A strong dollar is likely to create headaches for the US administration as this won't help narrow its trade deficit with China. As the greenback strengthens against most major currencies, China should be willing to allow a weaker yuan as it sends a signal to the US that the exchange rate movements are largely a result of a steep dollar rather than any manipulation by China.
In other words, this means China is being passive ending up with a weaker yuan against the dollar. This passive influence by the strong dollar makes us think a slight depreciation of the yuan against the dollar is more likely than we previously believed, even though we thought this was unlikely.
But the central bank won't want capital outflows
But a steep yuan depreciation is not our call.
The dollar index has strengthened more than 1.7% year to date, and the yuan against the dollar has also appreciated by around 1.2% which implies that the yuan still has some room to weaken, especially if the dollar keeps strengthening.
The contradictory movements of appreciation of both the dollar index and the yuan at the same time show the Chinese central bank is unlikely to allow a longstanding yuan depreciation against the dollar. The People's Bank of China (PBoC) will try to prevent the yuan weakening to a level that attracts massive capital outflows and lead to depletion of foreign exchange reserves. It probably wants to avoid a repeat of mid-2014 and 2016 when reserves fell too quickly.
We think if foreign exchange reserves fall below the $2.5trillion level, the weakening yuan will start to stabilise to avoid further capital outflows.
Yuan still appreciating against the dollar YTD even though the dollar has been stronger
Capital inflows are coming but might not be enough to offset outflows
The central bank could get some capital inflows from China's open-up policy in the financial sector and A shares' inclusion into MSCI. These would offset some of the value effects on China's foreign exchange reserves from a strong dollar (i.e. non-dollar asset values come down in dollar terms).
Another way to avoid capital outflows would be to increase interest rates in China to widen the interest rate gap between China and the US. Currently, interest rate spreads have narrowed, which triggers a capital outflow worries.
To reverse the recent trend and increase interest rate spread, China needs to tighten liquidity further and/or raise the 7D policy rate by more than five basis points each time when it follows the Fed's hike. However, by doing so, the interest costs will increase in China. The central bank may be hesitant to do this now as there are increasing default risks from local government related credits, and the timing is nearer to half-year end when liquidity is usually tighter.
In short, creating a wider interest rate spread between China and the US by the Chinese central bank is quite unlikely, at least for now. This makes attracting capital inflows and retaining potential outflows more difficult.

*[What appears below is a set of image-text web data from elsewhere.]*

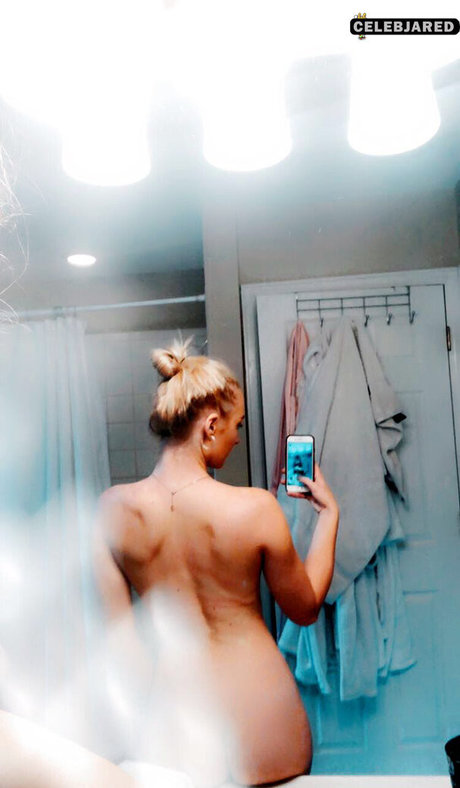 Zola Bzdek model xxx image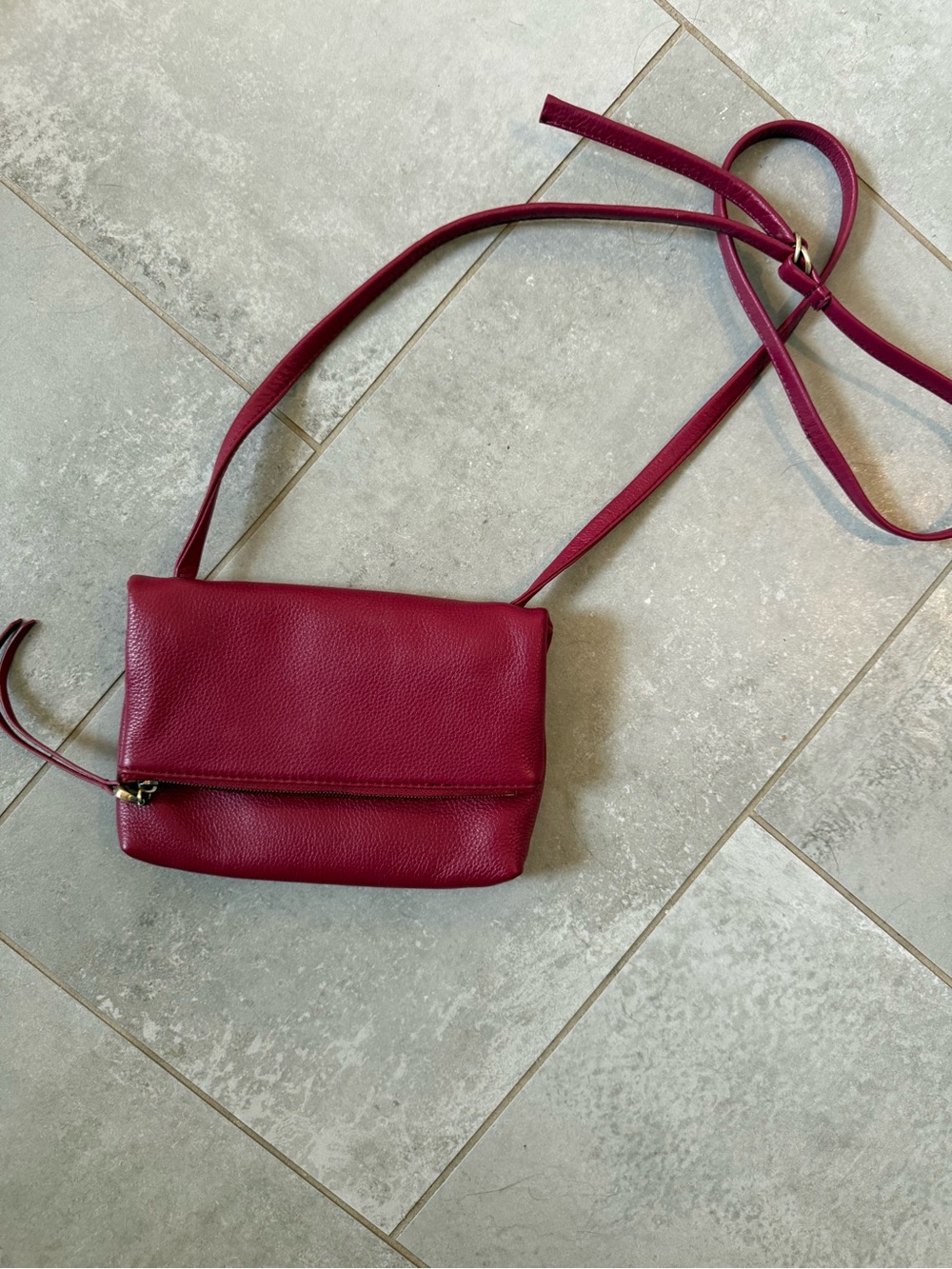 Hobo International Grant small Crossbody Bag in Berry $148 - Picture 2 of 11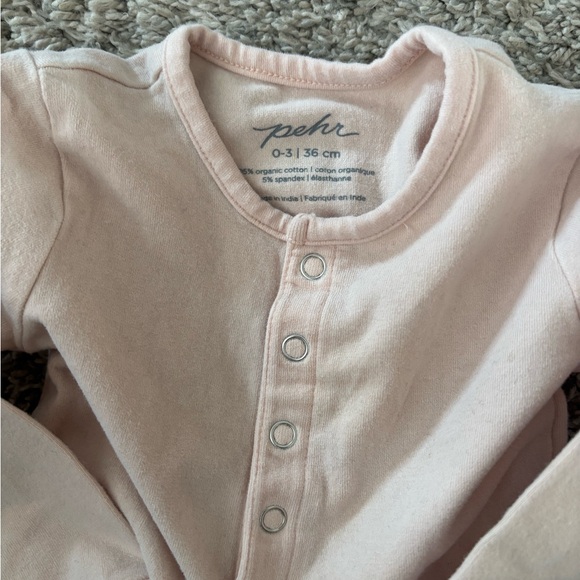 Pehr light pink long sleeve onesie for baby, size 0-3 months - Picture 2 of 2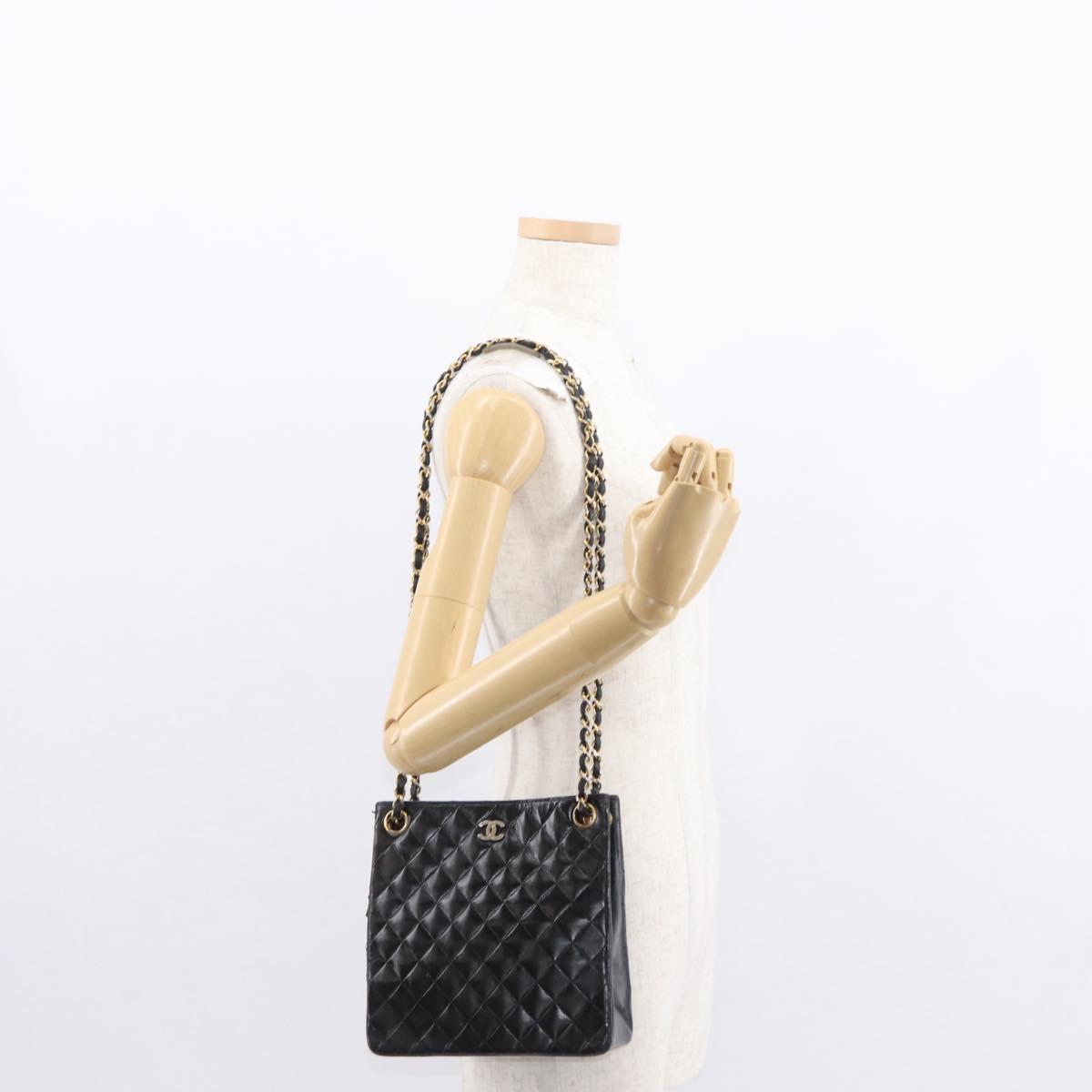 CHANEL Matelasse Chain Shoulder Bag Patent leather Black Gold CC Auth 154765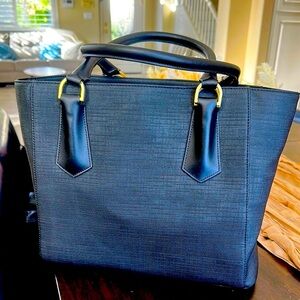 Dange Dover EUC Black Tote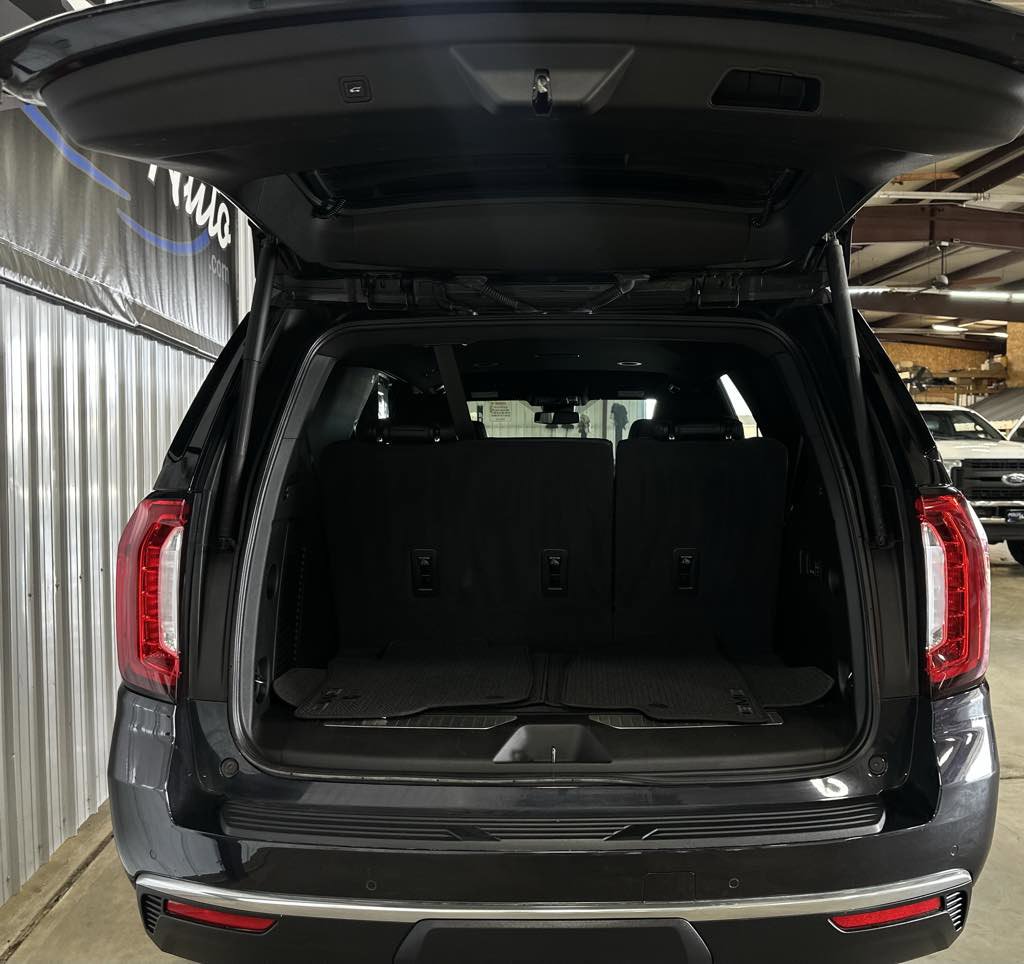 Used 2023 GMC Yukon Denali image 30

It is also likely that the capital control regulator, SAFE, may start to slow down outflows via administrative measures. This was the main tool used in 2016 and could again be a handy tool now.
Yuan and capital flows are intertwined
Revising yuan forecast
Considering all these factors, we revise our USD/CNY forecasts to 6.60 from 6.33 for 2018. In other words, we expect 1.5% yuan depreciation against the dollar in 2018.
Between now and the end of 2018, there are chances that the dollar strengthens very quickly, which could originate from escalating risks in Europe and USD/CNY could surpass our year-end forecast.
However, we expect that rapid capital outflows (even with administrative measures in place, similar to the scenario in 2016) would then begin, and could trigger falling foreign exchange reserves to the $2.5 trillion level. By then the central bank is likely to stabilise the yuan to stop foreign reserves from continuously falling. So the chance of USD/CNY surpassing 6.60 for a prolonged period is quite small.